Among them, Mark is the most "sober". He watched drugs deprive his sexual ability, and he watched drugs kill his friends. He knew that one day he must say goodbye to drugs and say goodbye to this. Depraved life.
The film unfolds in the contradiction between Mark indulging in this depraved life and determined to say goodbye to this depraved life.
Mark bid farewell to this kind of depraved life three times in total.
For the first time, Mark locked himself in an empty house with full confidence, and awkwardly nailed the wooden board to the door, prepared for everything that he needs in case of drug addiction, food, drink, pornography Magazines, music records, TV sets. The director can be said to be clever in handling this paragraph. He described the preparations for Mark's detoxification in detail, but did not explain the process of Mark's detoxification. Instead, he jumped the camera directly to that scene: the crooked wooden boards on the door are now the same. Crooked, but all fell to the ground. This black humorous shot tells us most straightforwardly: Mark’s first detoxification was a complete failure...
For the second time, Mark was taken to the hospital due to an overdose, and then taken home by his parents for forced drug rehabilitation. This time, we saw the cruel process of detoxification. Mark had a strong hallucination. He saw Spud with anklet and Diane singing on the bedside... The most terrifying thing was the dead baby on the ceiling. Climbing up, crawling, crawling, slowly, turning his head around, looking at Mark with a swollen and blue face. Every illusion, like a nightmare, cuts Mark one by one, leaving him screaming heartbreakingly. But this time, Mark almost succeeded. He found a job as a real estate agency in a real estate company. He rented a house outside by himself, so he was able to support himself. However, the appearance of Begbie and the previous group of fox friends disrupted Mark's already peaceful life once again, and he was dragged into the water again... the
third time, Mark decided to make it a hundred. Their gangsters ran into a big deal and made 16,000 pounds. Mark decided to betray them. He ran away with the money, leaving only the share that his good friend Spud deserved. Along the way, Mark smiled, his heart full of longing for a better life in the future, striding forward, and starting to choose life again...
The thoughts given to me by the film are far from over.

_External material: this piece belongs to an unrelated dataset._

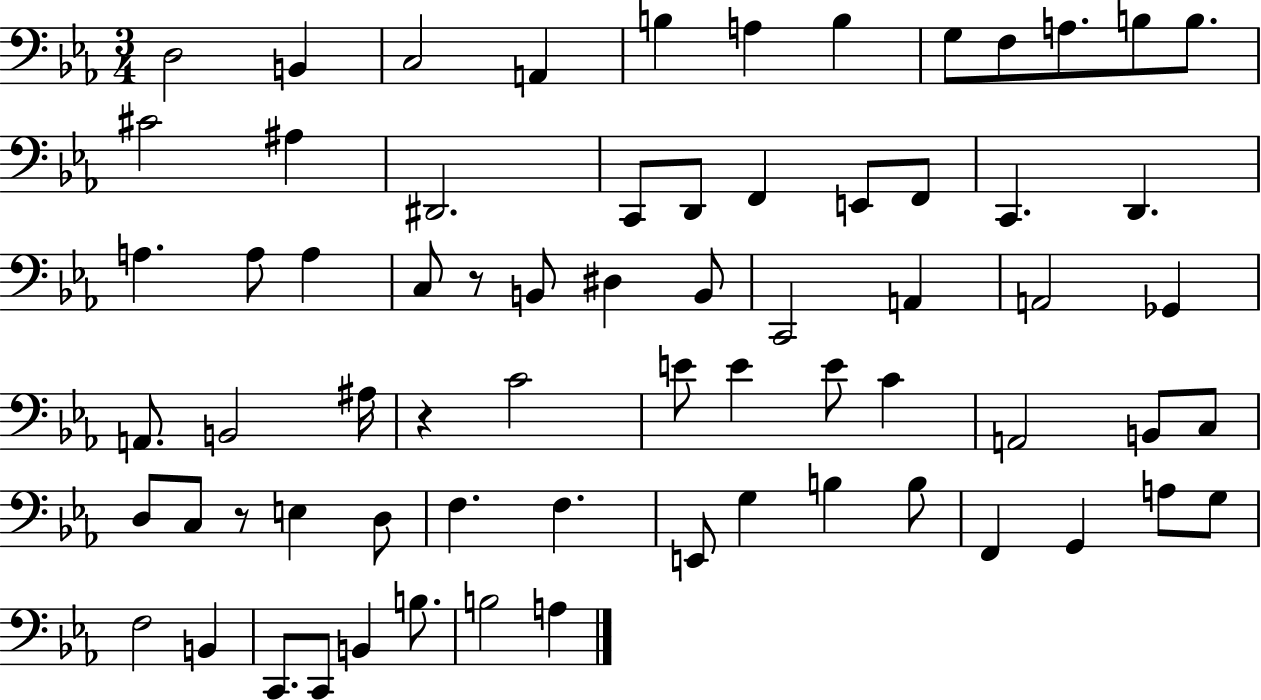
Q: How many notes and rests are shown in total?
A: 69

"Choose life. Choose a job. Choose a career.Choose a family. Choose a big fucking television, choose washing machines, cars, compact disk players and electrical tin openers...choose DIY and wondering who the fuck you are on a Sunday morning. Choose sitting on the couch, watching mind-numbing, spirit-crushing game shows, stuffing junk food into your mouth. Choose rotting away at the end of it all,pishing your last in a miserable home, nothing more than an embarrassment to the selfish, fucked-up brats you spawned to replace yourself. Choose your future. Choose life. But why would I want to do a thing like that?"
Life may be a process of choice. Some people choose mediocrity, others refuse to choose mediocrity. Some people choose the secular, others refuse to choose the secular. In this paragraph at the beginning of the film review, Mark chooses not to choose, and Mark chooses drugs. At the end of the film, Mark chose work, family, childbirth, big TV, washing machine, buying a house, eating snacks, and going from 9 to 5...Mark changed from "rejecting choice" to "choosing". Mark had chosen ordinary people's In life, Mark chose to return to the secular society. And the previous life of Mark and his confuses cannot be simply regarded as decadence and depravity, but a denial of secular values and a betrayal of secular life. This can be seen from the interview of Spud, the sentence "We would have injected vitamin C, if only they'd made it illegal." and many other places.

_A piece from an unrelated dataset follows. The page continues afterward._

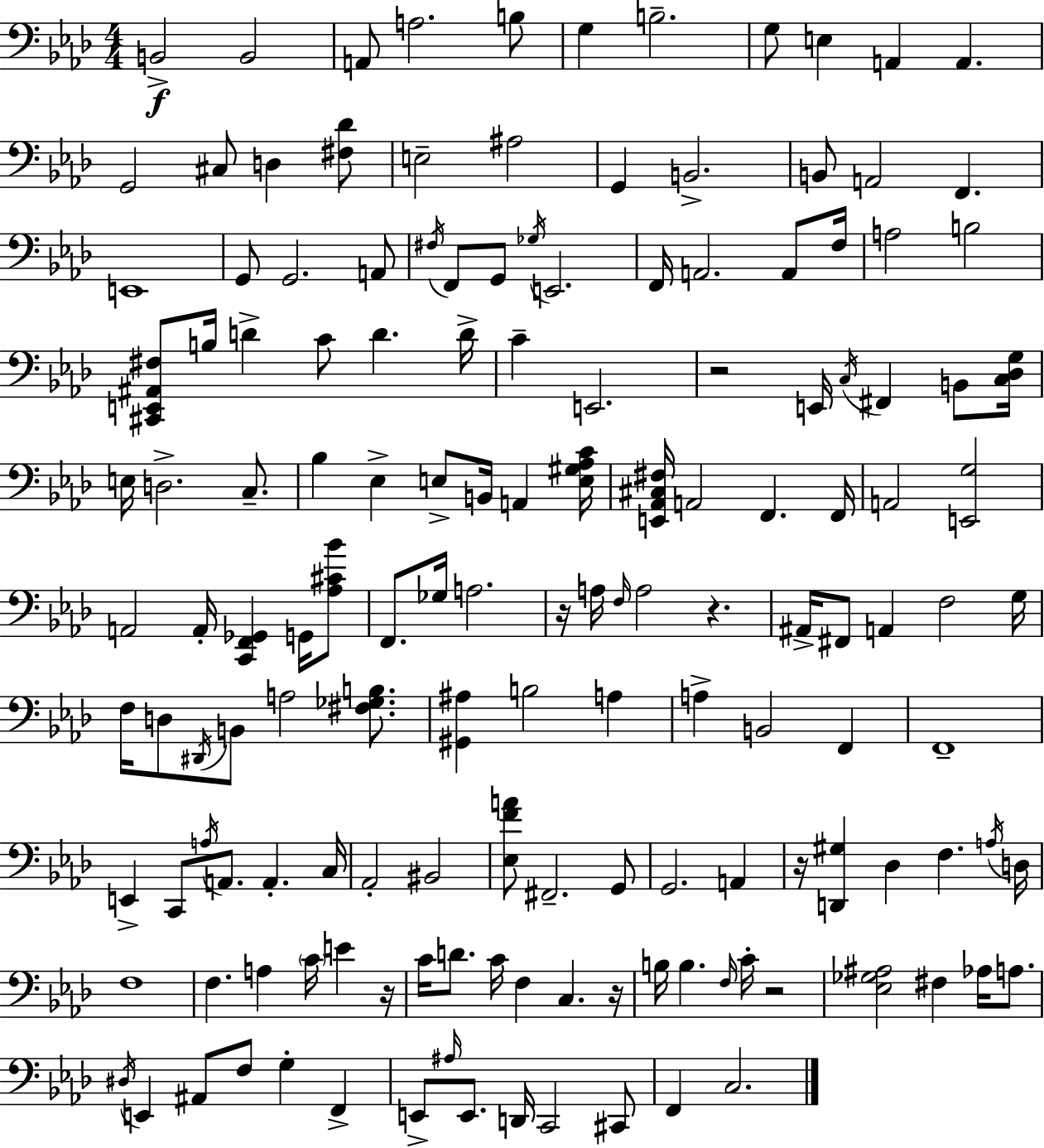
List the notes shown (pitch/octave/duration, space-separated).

B2/h B2/h A2/e A3/h. B3/e G3/q B3/h. G3/e E3/q A2/q A2/q. G2/h C#3/e D3/q [F#3,Db4]/e E3/h A#3/h G2/q B2/h. B2/e A2/h F2/q. E2/w G2/e G2/h. A2/e F#3/s F2/e G2/e Gb3/s E2/h. F2/s A2/h. A2/e F3/s A3/h B3/h [C#2,E2,A#2,F#3]/e B3/s D4/q C4/e D4/q. D4/s C4/q E2/h. R/h E2/s C3/s F#2/q B2/e [C3,Db3,G3]/s E3/s D3/h. C3/e. Bb3/q Eb3/q E3/e B2/s A2/q [E3,G#3,Ab3,C4]/s [E2,Ab2,C#3,F#3]/s A2/h F2/q. F2/s A2/h [E2,G3]/h A2/h A2/s [C2,F2,Gb2]/q G2/s [Ab3,C#4,Bb4]/e F2/e. Gb3/s A3/h. R/s A3/s F3/s A3/h R/q. A#2/s F#2/e A2/q F3/h G3/s F3/s D3/e D#2/s B2/e A3/h [F#3,Gb3,B3]/e. [G#2,A#3]/q B3/h A3/q A3/q B2/h F2/q F2/w E2/q C2/e A3/s A2/e. A2/q. C3/s Ab2/h BIS2/h [Eb3,F4,A4]/e F#2/h. G2/e G2/h. A2/q R/s [D2,G#3]/q Db3/q F3/q. A3/s D3/s F3/w F3/q. A3/q C4/s E4/q R/s C4/s D4/e. C4/s F3/q C3/q. R/s B3/s B3/q. F3/s C4/s R/h [Eb3,Gb3,A#3]/h F#3/q Ab3/s A3/e. D#3/s E2/q A#2/e F3/e G3/q F2/q E2/e A#3/s E2/e. D2/s C2/h C#2/e F2/q C3/h.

Does this mean that any young and frivolous rebellion, any indulgent personality, and any beautiful ideals from a young age will in the end be like a soap bubble, and it will burst with a single poke?
Does everyone have to lead a secular life in the end? Does everyone have to return to the secular society that they have spurned on? Does everyone’s youth have to be consumed by the cruel reality?
I just want to say a word, fight for the remaining ideals.